We apply the above method to the entire SWEA dataset below 700 km, the location of the averaged Martian photoelectron boundary (e.g. Garnier et al., 2017; Han QQ et al., 2019), which leads to the identification of 513 cases of BEC observations, on both the dayside and nightside of Mars. One typical example of a BEC detected during MAVEN orbit #4494 at 04: 45: 34 UT (universal time) on 22 January 2017 is shown in Figure 1. The top panel shows the normalized electron flux integrated over the energy range of 19–55 eV as a function of electron pitch angle, showing that clear enhancements at oblique angles peaked at 60° and 130°. The displayed event occurred at 420 km with a solar zenith angle (SZA) of 137° in the deep nightside Martian ionosphere. It is well known that photoelectrons produced on the dayside are characterized by discrete energy peaks near 22 and 27 eV due to the strong solar HeII emission feature at 30.4 nm (Frahm et al., 2006, Wu XS et al., 2019a). The bottom panel presents the differential energy flux of electrons with a pitch angle of 59°, displaying such distinctive photoelectron energy peaks. This observation of photoelectrons in the deep nightside is indicative of day-to-night transport (Xu SS et al., 2016, Cao YT et al., 2020). Indeed, it is well known that day-to-night transport is an important source of plasma in the nightside Martian ionosphere, especially near the terminator (e.g. Zhang et al., 1990; Withers et al., 2012), and that such a process occurs mainly within a time duration of 5000 s after terminator crossing (Cui J et al., 2015) causes a clear dawn-dusk asymmetry in ion distribution (Girazian et al. 2017), and appears to be substantially suppressed by the presence of strong crustal magnetic anomalies (Cao YT et al., 2019). This study further demonstrates that day-to-night transport also affects the PAD of suprathermal electrons.

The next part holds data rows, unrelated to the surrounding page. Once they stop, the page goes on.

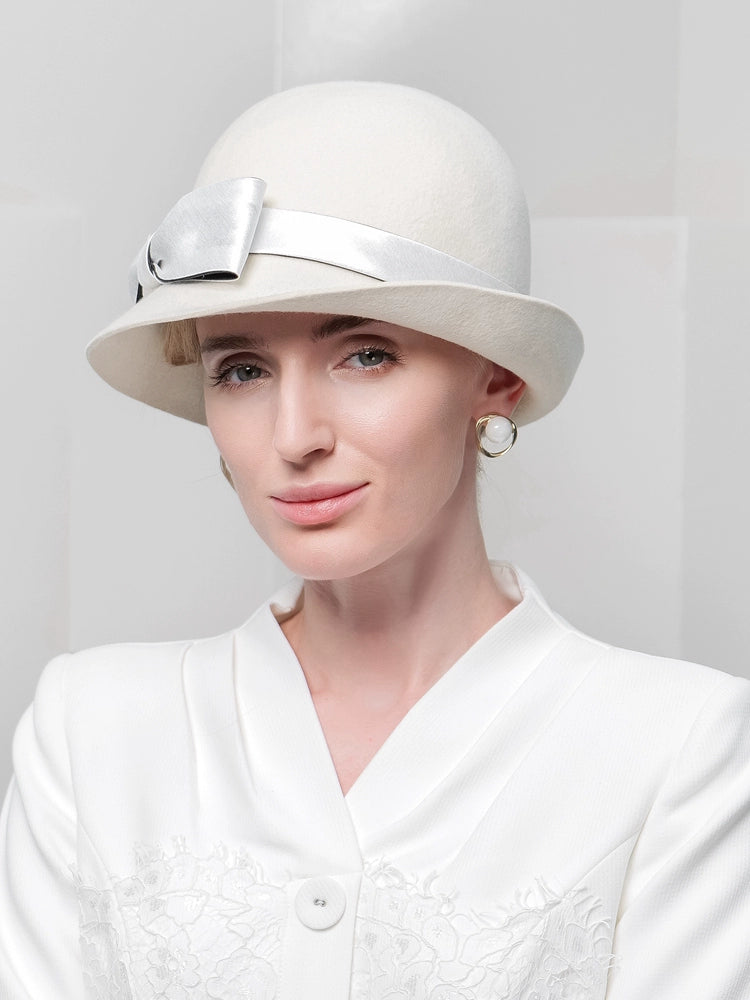 Women's Winter Wool With Bowknot/Ribbons Kentucky Derby Cloche Hats/Church Hats
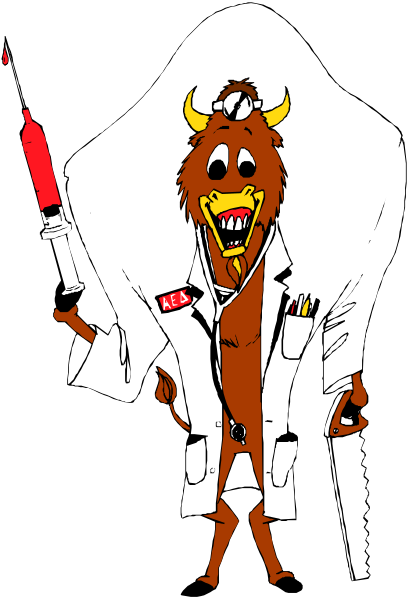 The cartoon features a character dressed as an animal doctor holding a syringe with a needle pointing upwards while wearing medical attire including stethoscope around neck, white coat over body, and hat on head; in background is another figure resembling devil's horned creature standing behind the first.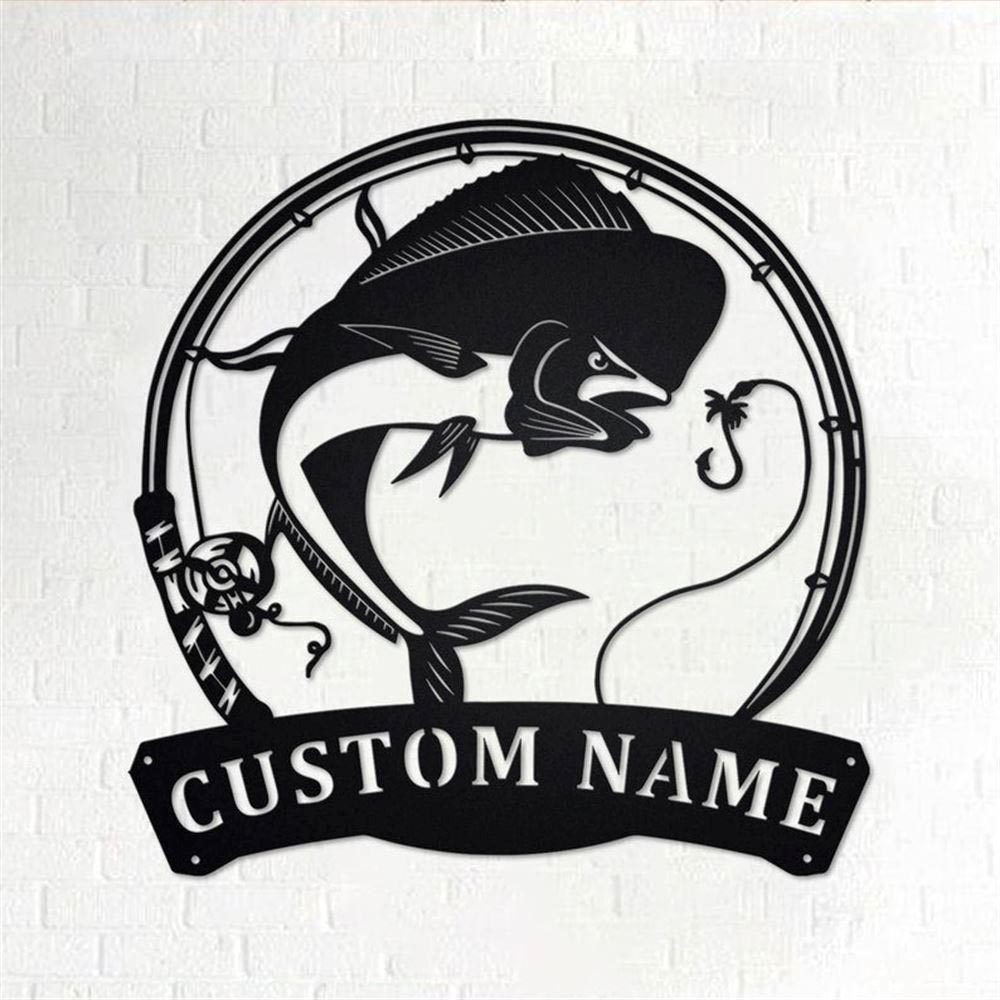 Personalized Metal Monogram Sign, Mahi-Mahi Fish Metal Sign, Fishing Metal Wall Art, Fishing Metal Wall Decor, Fishing Lover Custom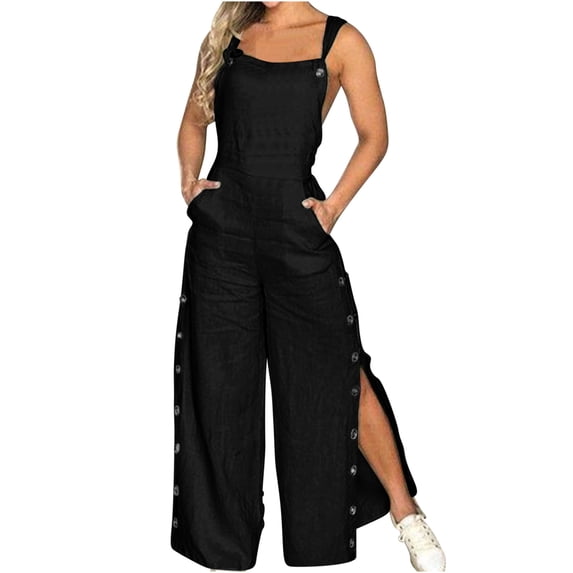Zpanxa Women's Sleeveless Overalls Jumpsuit with Adjustable Straps Wide Leg Loose Fit and Pockets Casual Bib Outfit for Everyday Wear Black S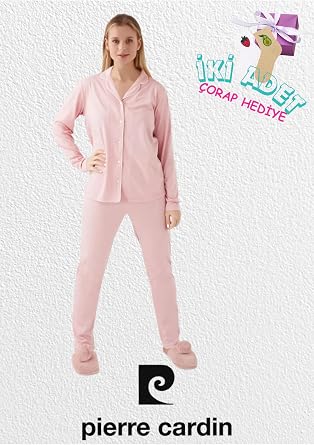 Pierre Cardin Kad n Pamuklu Modal Uzun Kollu Pijama Tak m , G l Kurusu, L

We present in Figure 2 the occurrence rate of BECs with respect to altitude over the range of 100–700 km with a binsize of 100 km, and also with respect to SZA over the range of 0°–180° with a binsize of 20°. The occurrence rate is defined as the ratio of BEC observations to the total number of electron measurements within the full 180° pitch angle coverage. For photoelectrons over the energy range of 19–55 eV, BECs are rarely observed below 300 km, as the occurrence rate of BEC measurements is less than 0.4% at all SZA bins on both the dayside and nightside. At altitudes above 300 km, BEC events are more easily found over the SZA range of 80°–140°. In particular, the occurrence rate of BECs identified in the bin with SZA from 120° to 140° and with altitude from 500 km to 600 km is over 1.2%. On the dayside with SZA less than 60°, BEC event occurrence rates are less than 0.2% at all altitudes.
Because photoelectrons are originally produced by photoionization, isotropic PADs for these primary photoelectrons are expected. The photoelectron exobase is located at ~160 km (Xu SS et al., 2016), below which sufficient collisions result in an isotropic PAD. Above the exobase, transport dominates over local production and energy degradation (Wu XS et al., 2019b). The low occurrence of BEC photoelectrons on the dayside indicates that regional photoelectron transport purely on the dayside is not responsible for the majority of BEC observations reported in this study.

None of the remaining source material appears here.